- **COLLECTED MATERIAL**
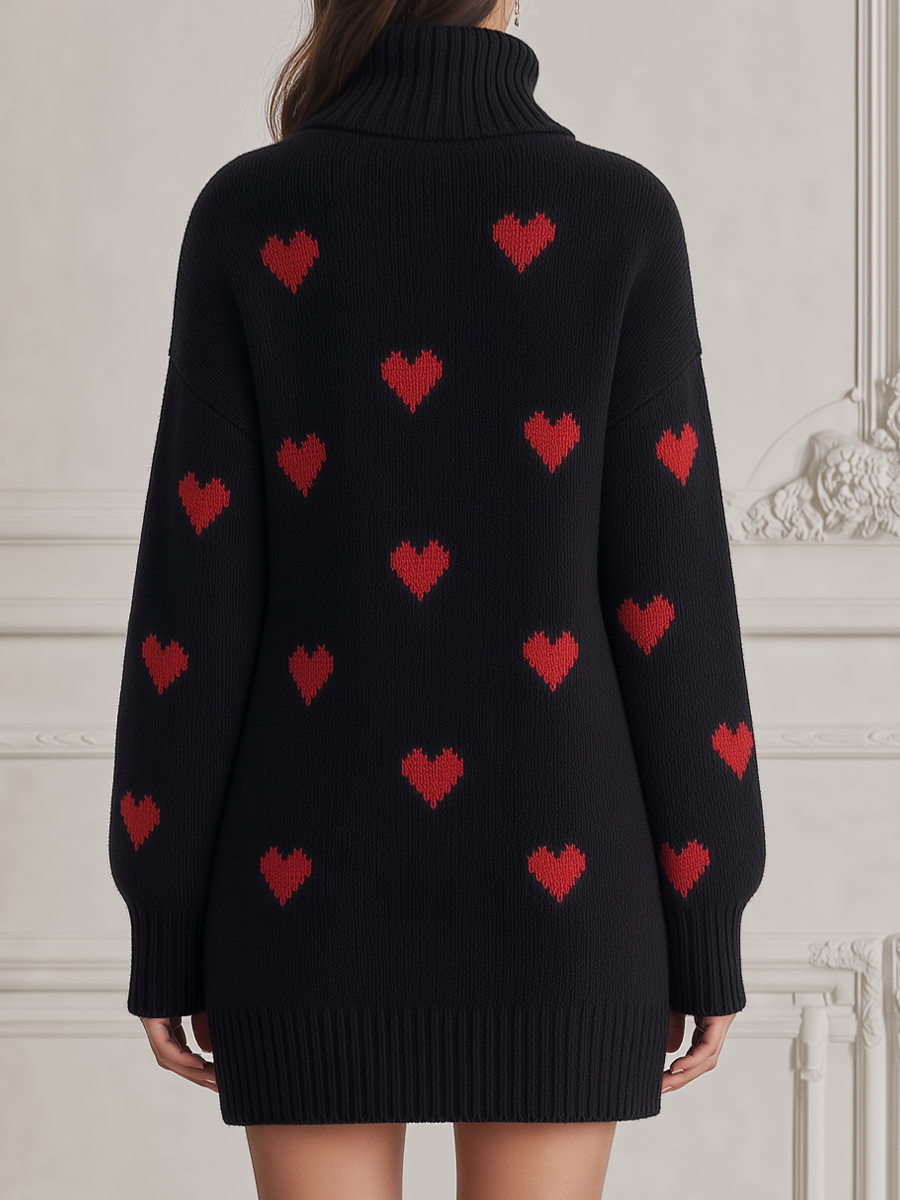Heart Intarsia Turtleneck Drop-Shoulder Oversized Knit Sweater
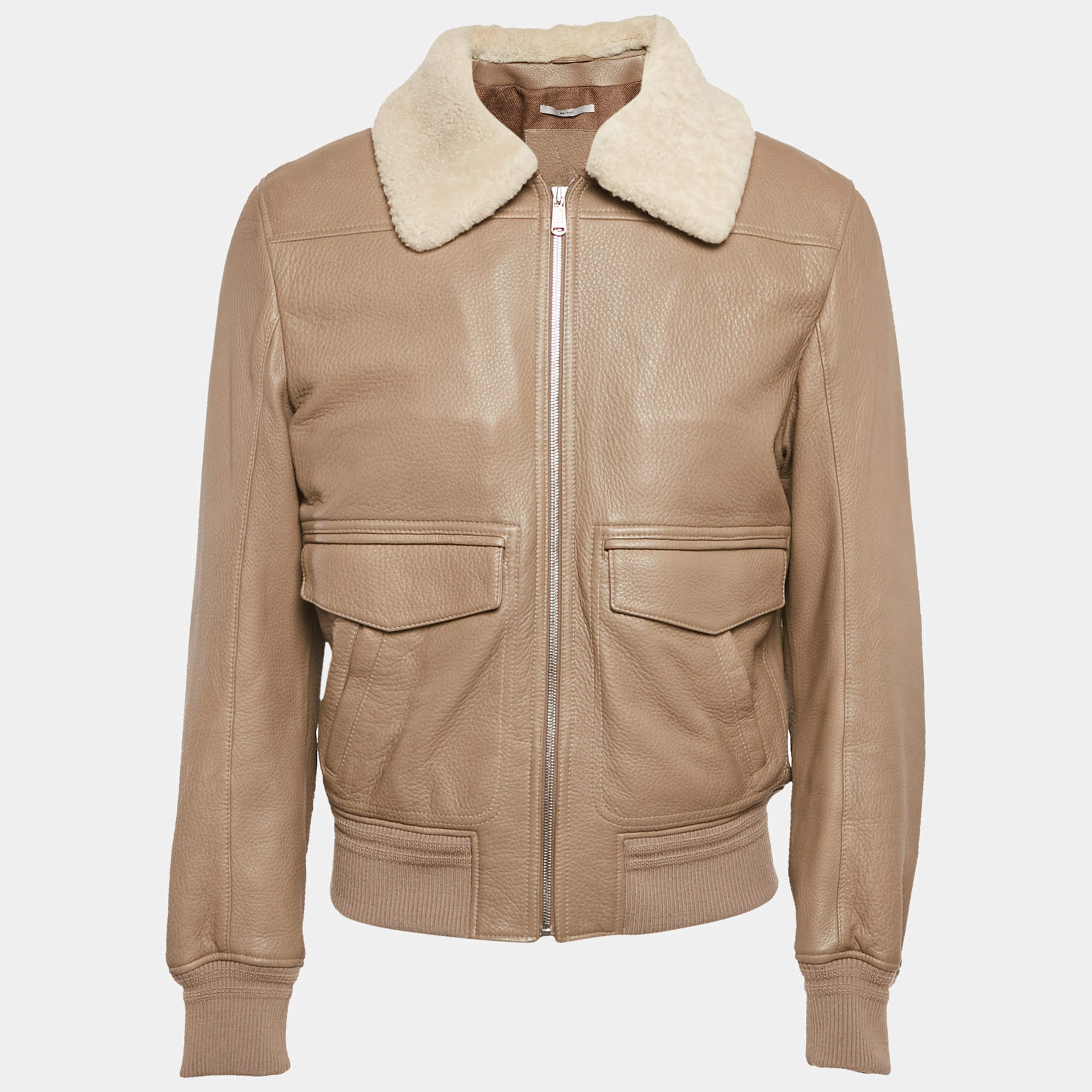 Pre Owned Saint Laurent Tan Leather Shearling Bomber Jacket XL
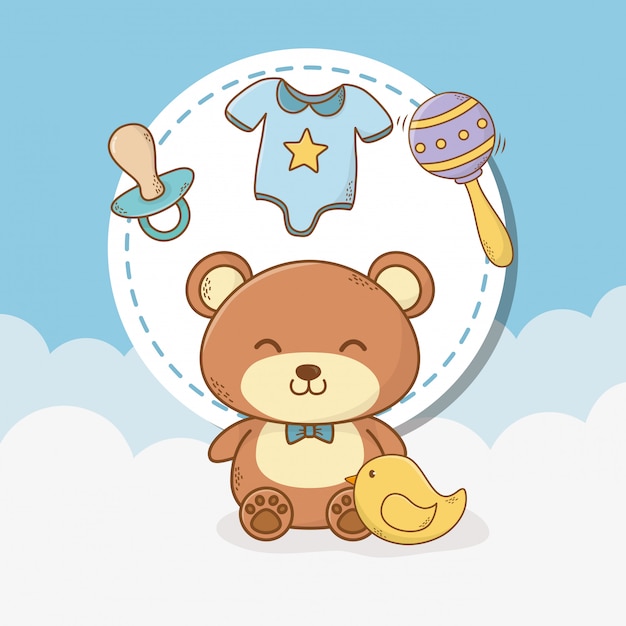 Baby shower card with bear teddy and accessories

- **WHAT IS REQUIRED**
Set down the data again, exactly, without images.

- **OUTPUT BELOW**
Heart Intarsia Turtleneck Drop-Shoulder Oversized Knit Sweater
 Pre Owned Saint Laurent Tan Leather Shearling Bomber Jacket XL
 Baby shower card with bear teddy and accessories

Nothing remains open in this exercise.